**TASK DESCRIPTION**
Set down each line of the data below exactly as it stands, dropping the pictures.
--- INFORMATION SUPPLIED Enclosed Below ---
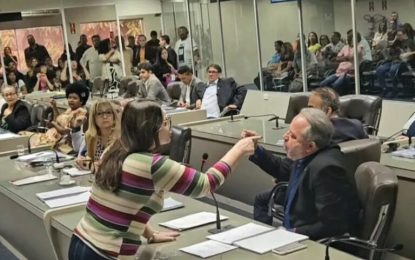 CONFUSÃO EM CAMPINA: Vereadora Ivonete Ludgério protagoniza bate-boca durante votação da Lei Orçamentária – VEJA O VÍDEO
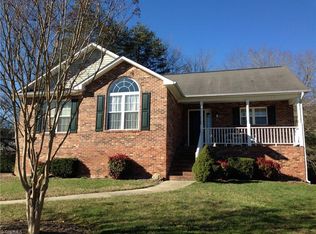 2000 Country Hills Dr, Mount Airy, NC 27030
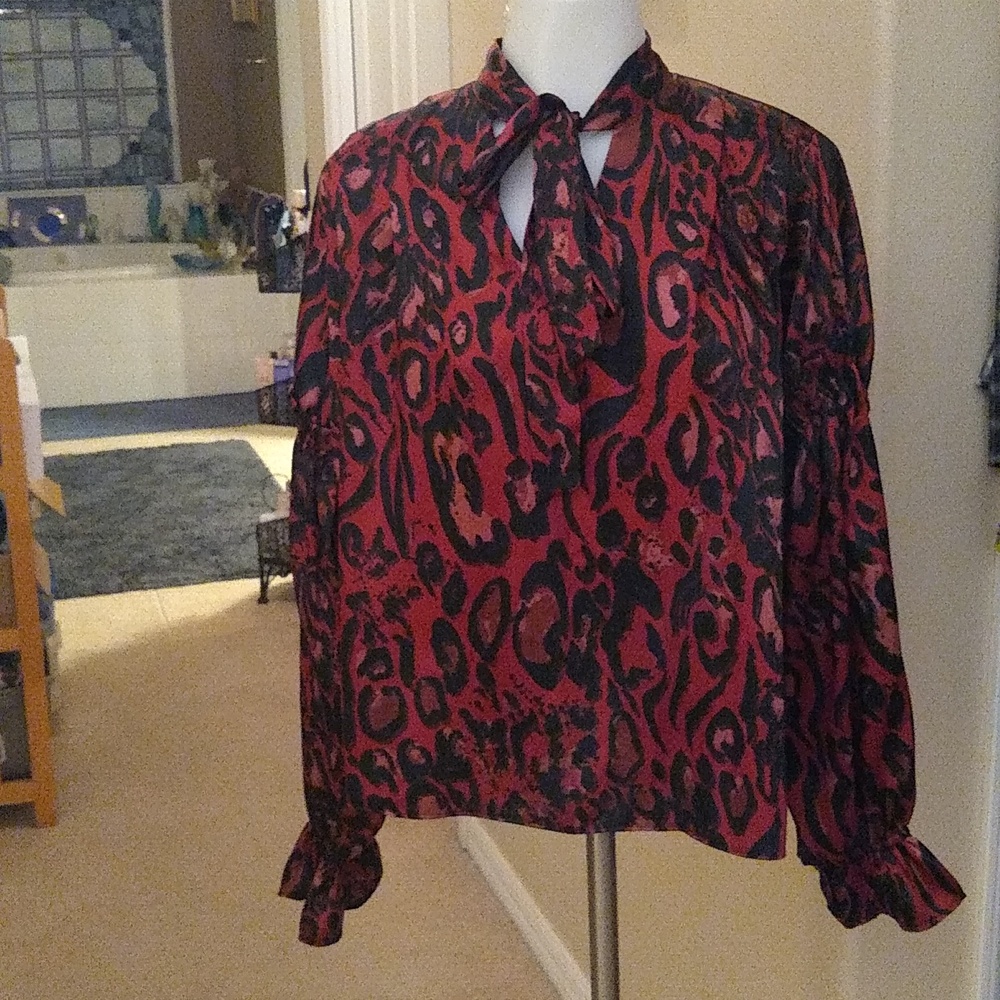 BNWT Topshop animal print blouse size 6 w/ cat bow tie and ruffles in sleeve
--- End of Enclosed INFORMATION SUPPLIED ---
**EXERCISE RESULT**
 CONFUSÃO EM CAMPINA: Vereadora Ivonete Ludgério protagoniza bate-boca durante votação da Lei Orçamentária – VEJA O VÍDEO
 2000 Country Hills Dr, Mount Airy, NC 27030
 BNWT Topshop animal print blouse size 6 w/ cat bow tie and ruffles in sleeve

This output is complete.